On peut dire d’abord de Nicias ce qu’en a écrit Aristote : qu’il y avait à Athènes trois hommes, les meilleurs citoyens, qui avaient pour le peuple une bienveillance, une affection paternelle, Nicias fils de Nicératus, Thucydide fils de Milésias[1], et Théramène fils d’Agnon. Ce dernier toutefois avait ces qualités moins que les deux autres : on lui faisait un crime de sa naissance, comme étranger, natif de Céos ; et son manque de fixité dans la politique, qui se faisait flotter sans cesse entre les partis, l’avait fait surnommer Cothurne[2]. Thucydide était le plus âgé des trois ; et plusieurs fois il se mit à la tête du parti des nobles et des gens de bien, et combattit Périclès, qui disposait du peuple. Nicias était plus jeune ; cependant il jouissait de quelque considération dès le temps de Périclès : il fut son collègue dans le commandement des armées, il commanda même seul plus d’une fois. Après la mort de Périclès, il se trouva aussitôt porté au premier rang, surtout par les personnages les plus riches et les plus distingués, qui voulaient se faire de lui un rempart contre le cynisme et l’audace de Cléon.

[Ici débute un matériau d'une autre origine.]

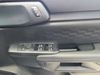 Ford Ranger RANGER 3.0D V6 TREMOR A/T 4X4 D/C P/U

Malgré cela, il était dans les bonnes grâces du peuple, qui ap-

  1. C’est celui dont il est si souvent fait mention dans la Vie de Périclès, et qu’il ne faut pas confondre avec Thucydide fils d’Olorus, l’historien, qui fut aussi homme d’État.
  2. La raison de ce surnom bizarre, c’est, dit-on, que le cothurne était à la fois une chaussure pour les hommes et pour les femmes, et qu’on pouvait mettre indifféremment de l’un ou de l’autre pied.